- **What to produce**
Through to the final line, write out the records below exactly, omitting any images they contain.

"""

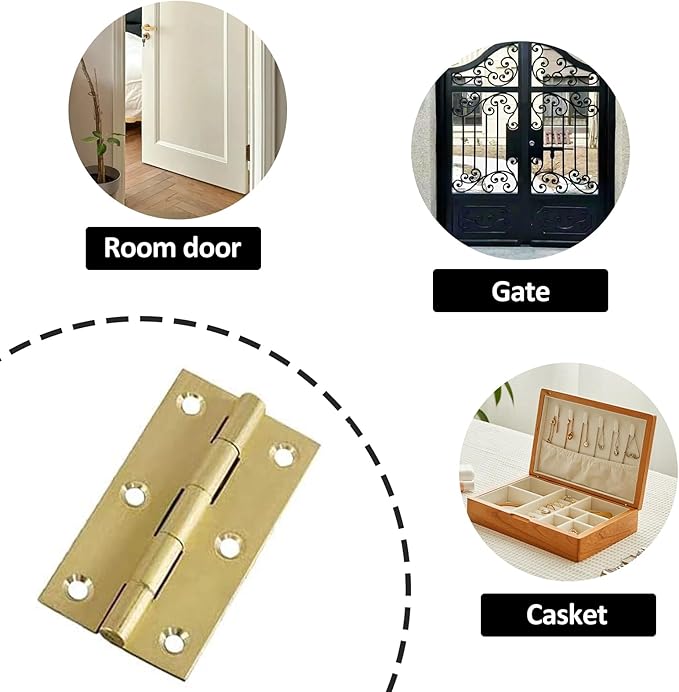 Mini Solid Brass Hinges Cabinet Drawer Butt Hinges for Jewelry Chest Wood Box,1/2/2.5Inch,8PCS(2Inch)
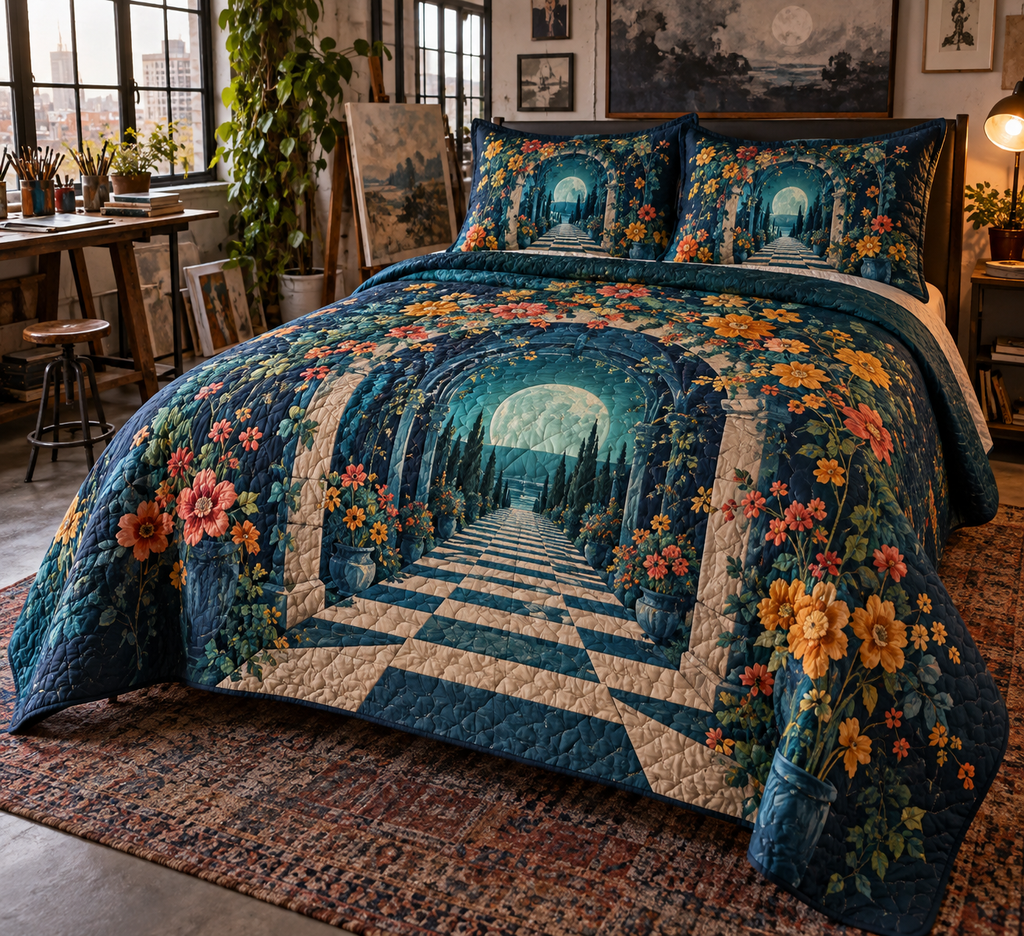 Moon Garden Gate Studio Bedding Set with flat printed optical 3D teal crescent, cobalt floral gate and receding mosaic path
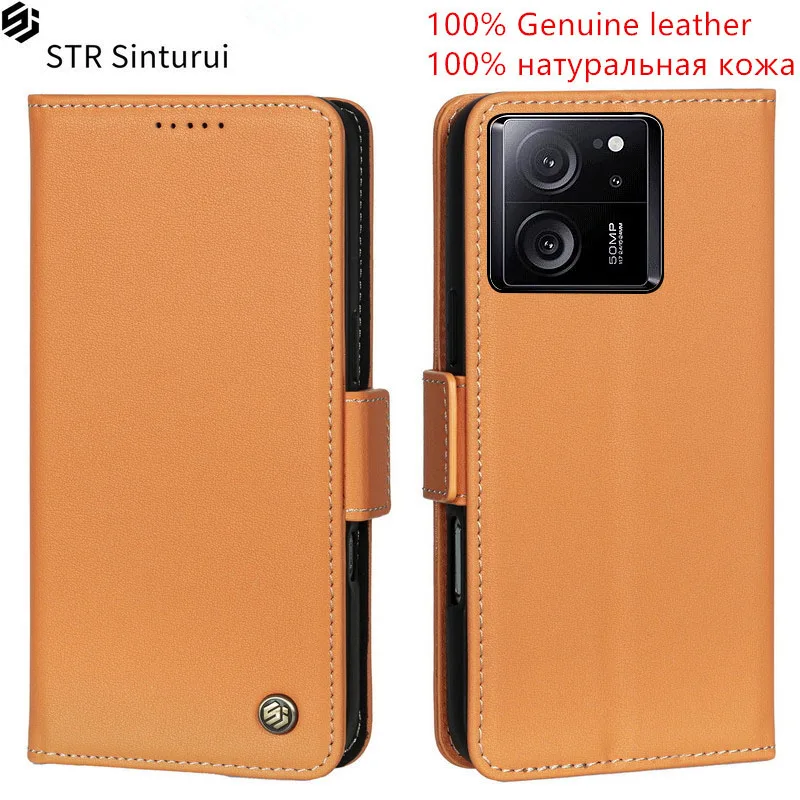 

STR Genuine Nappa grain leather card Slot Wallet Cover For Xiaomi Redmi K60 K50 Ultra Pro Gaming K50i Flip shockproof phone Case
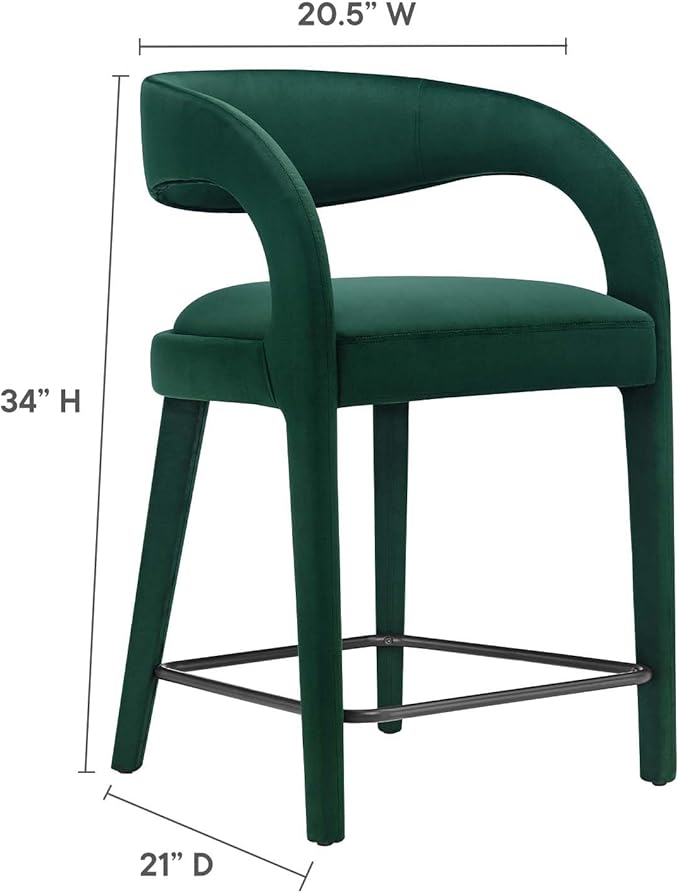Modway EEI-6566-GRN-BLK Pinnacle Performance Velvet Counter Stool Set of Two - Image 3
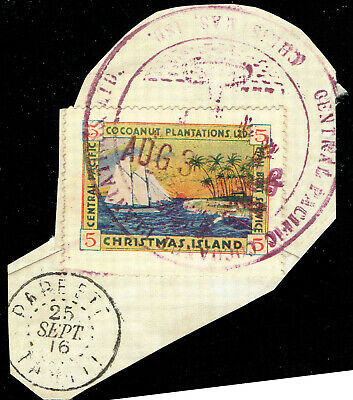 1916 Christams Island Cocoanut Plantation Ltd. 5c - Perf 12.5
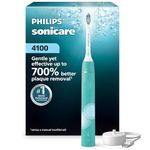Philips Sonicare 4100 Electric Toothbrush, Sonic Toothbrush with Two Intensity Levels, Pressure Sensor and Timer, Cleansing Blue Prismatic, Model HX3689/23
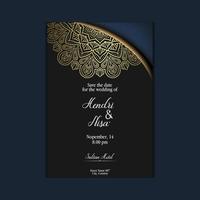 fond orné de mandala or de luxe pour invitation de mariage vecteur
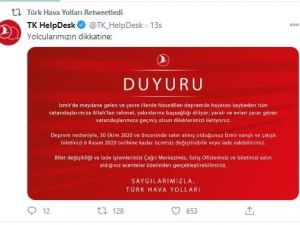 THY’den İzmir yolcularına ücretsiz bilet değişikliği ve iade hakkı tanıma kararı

"""

- **Output for this task**
 Mini Solid Brass Hinges Cabinet Drawer Butt Hinges for Jewelry Chest Wood Box,1/2/2.5Inch,8PCS(2Inch)
 Moon Garden Gate Studio Bedding Set with flat printed optical 3D teal crescent, cobalt floral gate and receding mosaic path

STR Genuine Nappa grain leather card Slot Wallet Cover For Xiaomi Redmi K60 K50 Ultra Pro Gaming K50i Flip shockproof phone Case
Modway EEI-6566-GRN-BLK Pinnacle Performance Velvet Counter Stool Set of Two - Image 3
 1916 Christams Island Cocoanut Plantation Ltd. 5c - Perf 12.5
Philips Sonicare 4100 Electric Toothbrush, Sonic Toothbrush with Two Intensity Levels, Pressure Sensor and Timer, Cleansing Blue Prismatic, Model HX3689/23
 fond orné de mandala or de luxe pour invitation de mariage vecteur
 THY’den İzmir yolcularına ücretsiz bilet değişikliği ve iade hakkı tanıma kararı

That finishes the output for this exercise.